:: Records for processing
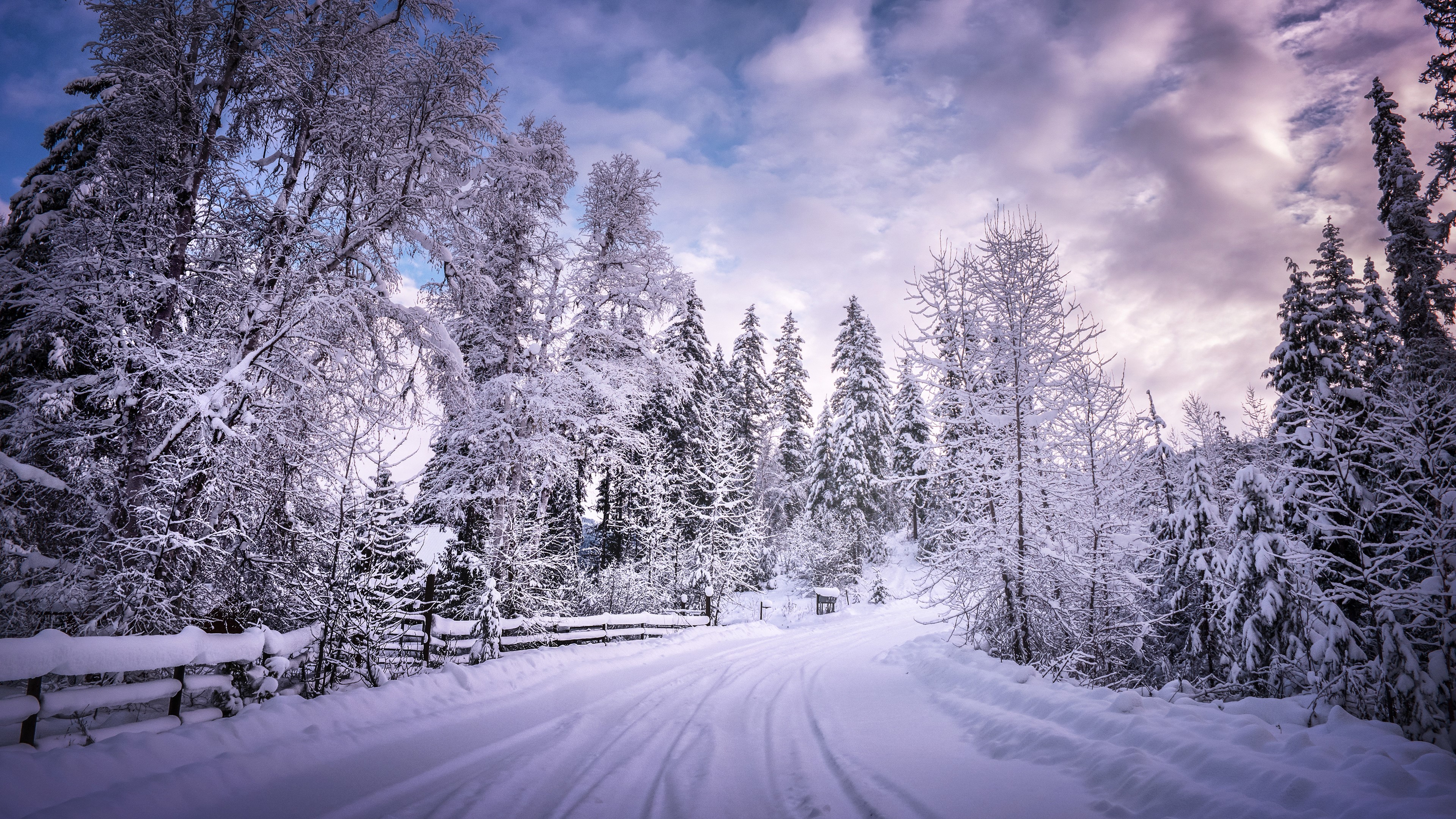 winter, road, snow, trees, white, hd, 4k, HD Wallpaper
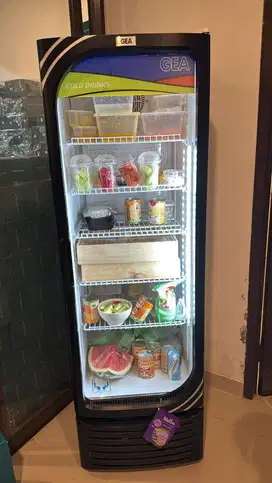 Showcase GEA Freezer 6 Rak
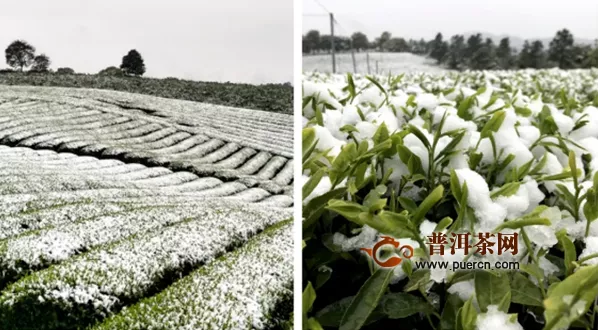 2020年3月30日春茶采摘指数：部分名茶产区受到极端天气影响！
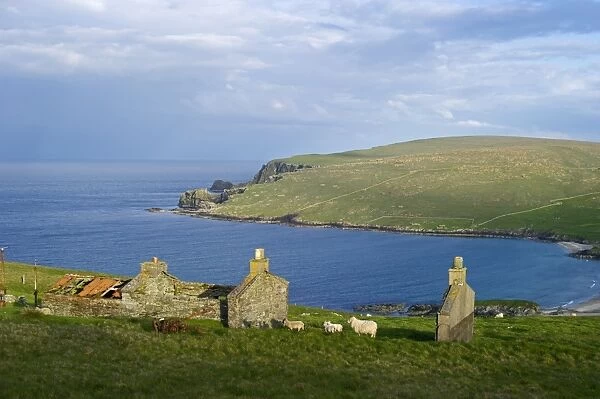 View across towards Norwick and abandoned Crofts from the Garths Unst Shetland June
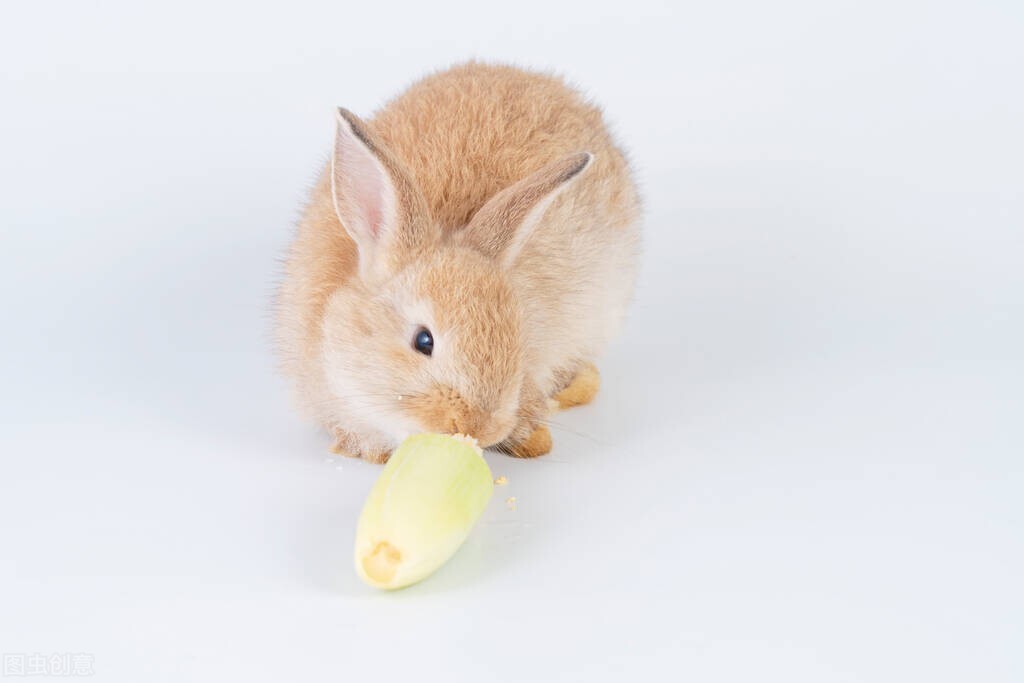 养兔手册免费阅读,养兔子要不要控制它饮食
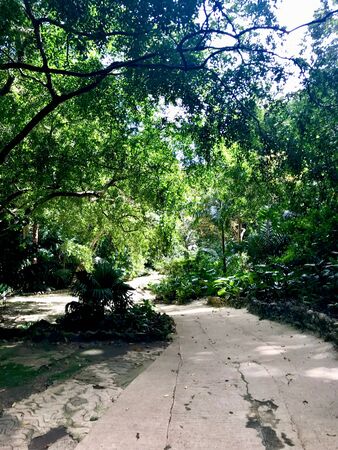 Path through untouched lush nature at a gully at Saint Thomas Parish of Barbados (Caribbean Island of the West Indies)の写真素材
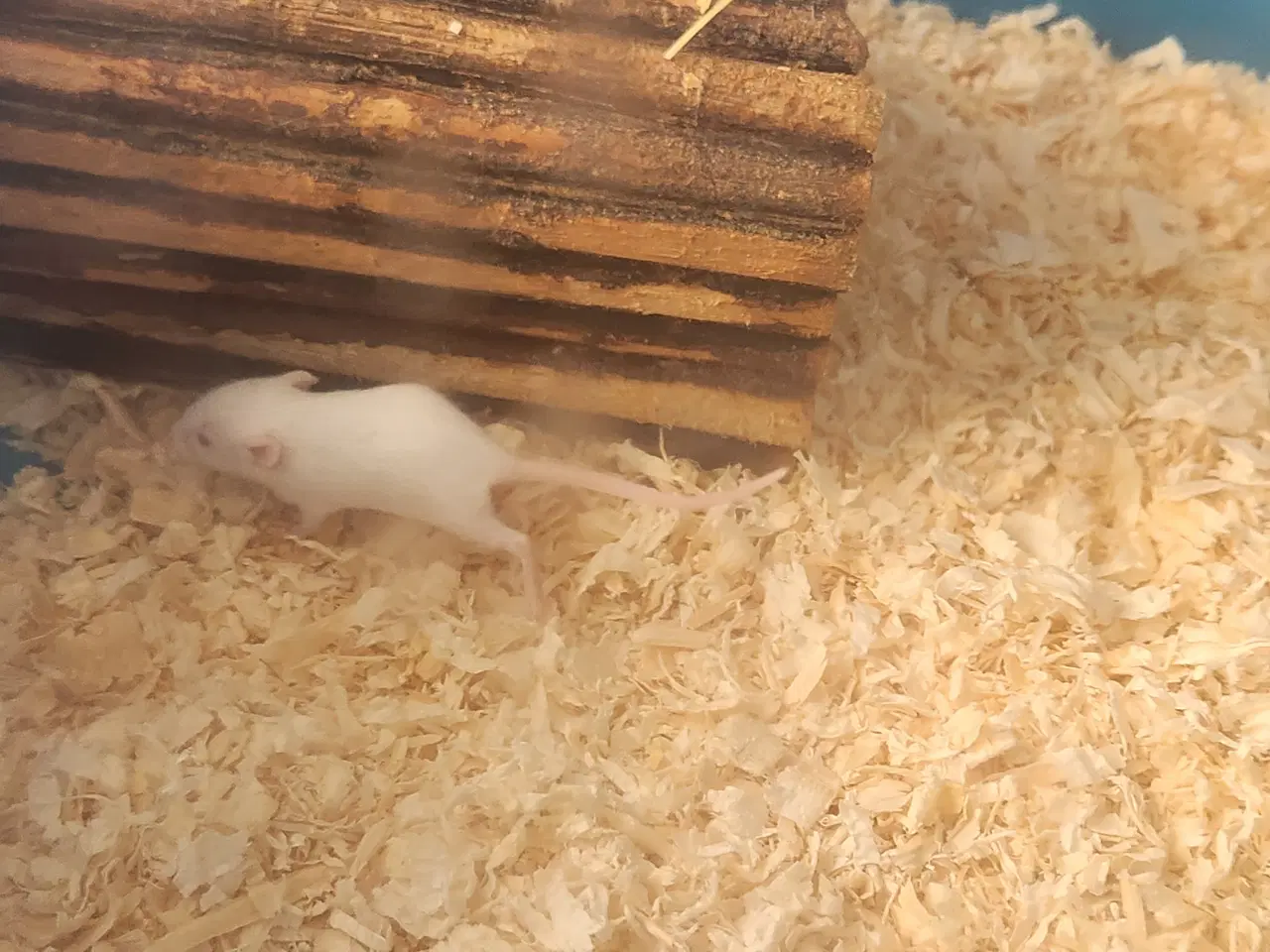 Billede 1 - Hvid mus sælge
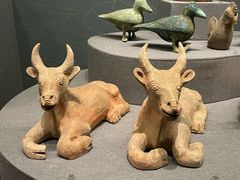 -广西壮族自治区博物馆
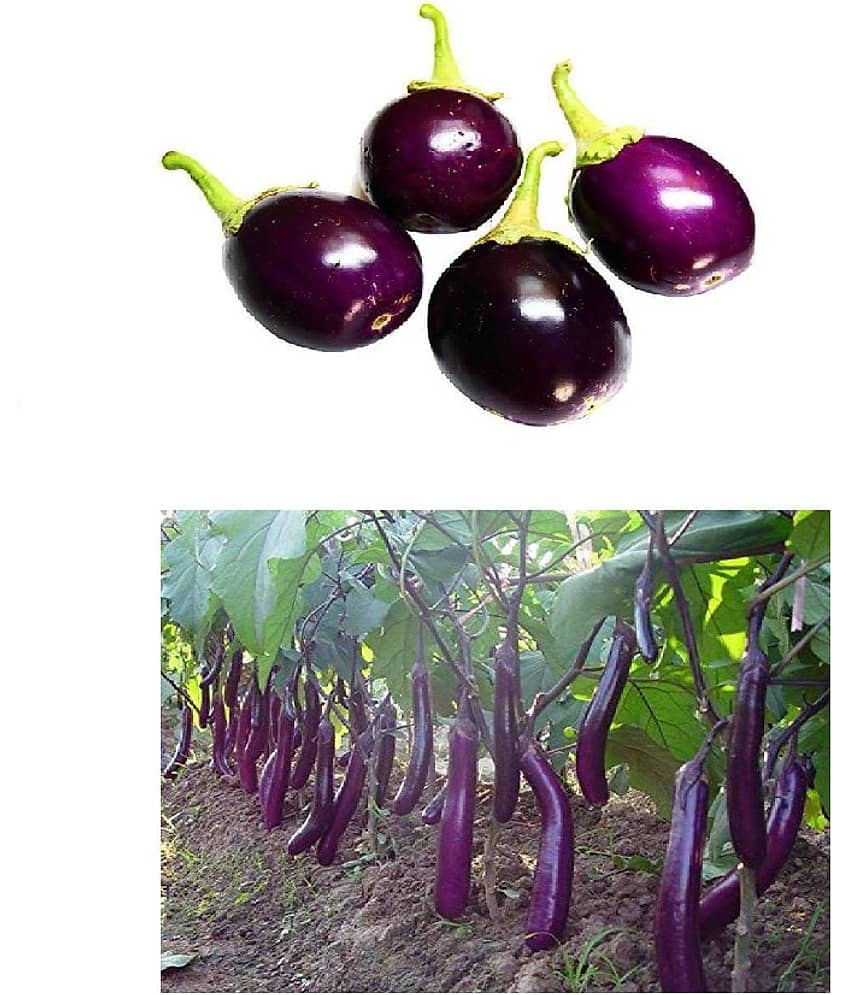 F1 HYBRID BRINJAL PURPLE LONG AND ROUND 50-50 SEEDS PACK AND MANUAL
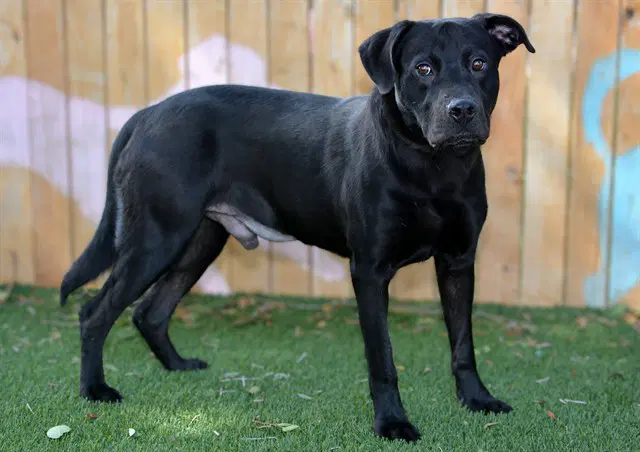Unknown - Labrador Retriever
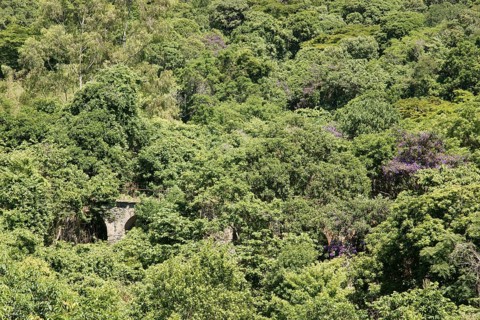 Forest, Nature, Ilha Grande, Rio de Janeiro, Brazil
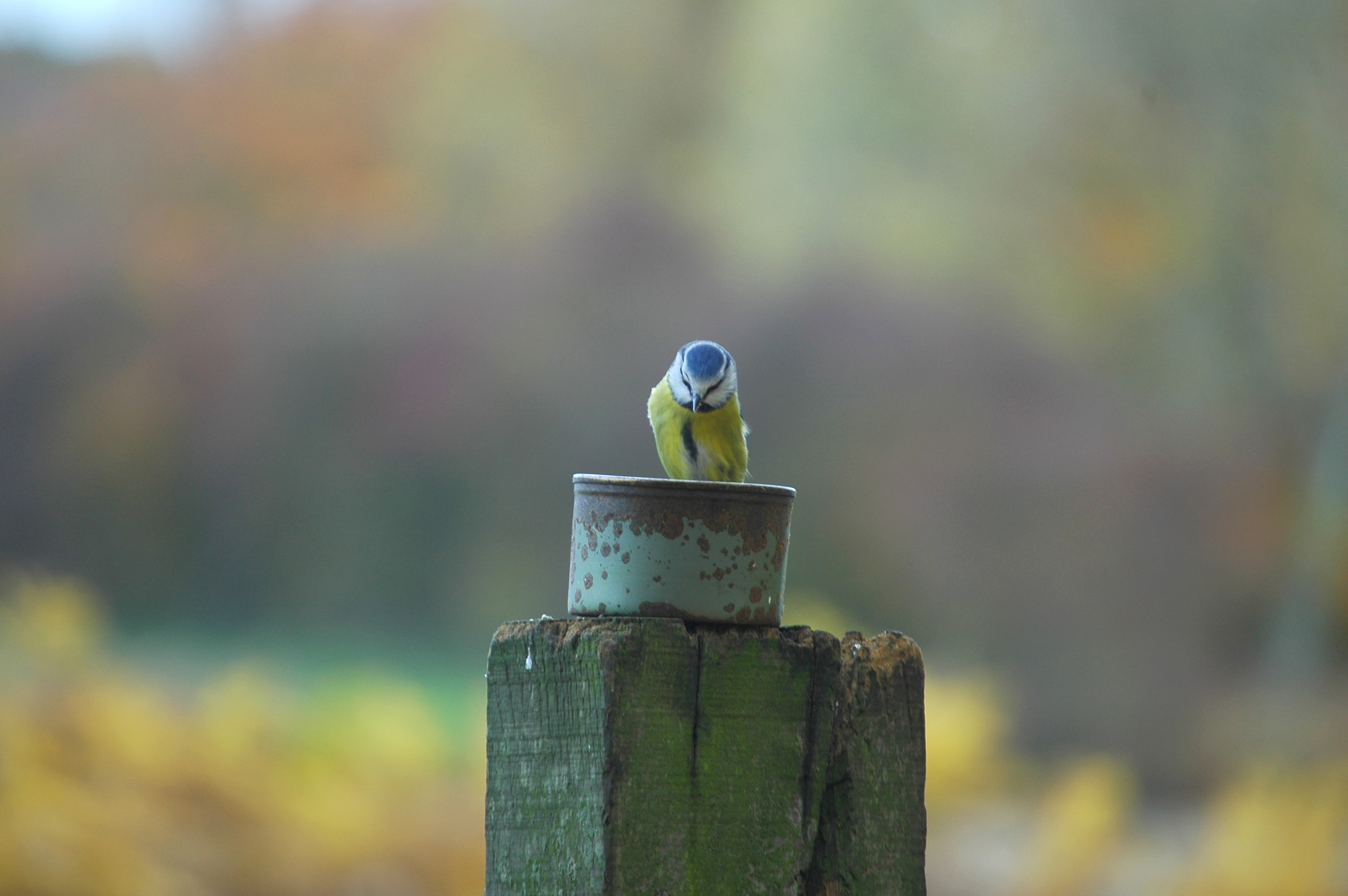 photos/wildlife/Bird_Species/168-Tits-Chickadees/7653-Blue_Tit/DSC_3950.JPG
::::
Your instructions
Reproduce exactly, and only, the lines from the opening line of the listing above through the line holding "养兔手册免费阅读,养兔子要不要控制它饮食", minus the pictures.

Answer space
 winter, road, snow, trees, white, hd, 4k, HD Wallpaper
 Showcase GEA Freezer 6 Rak
 2020年3月30日春茶采摘指数：部分名茶产区受到极端天气影响！
 View across towards Norwick and abandoned Crofts from the Garths Unst Shetland June
 养兔手册免费阅读,养兔子要不要控制它饮食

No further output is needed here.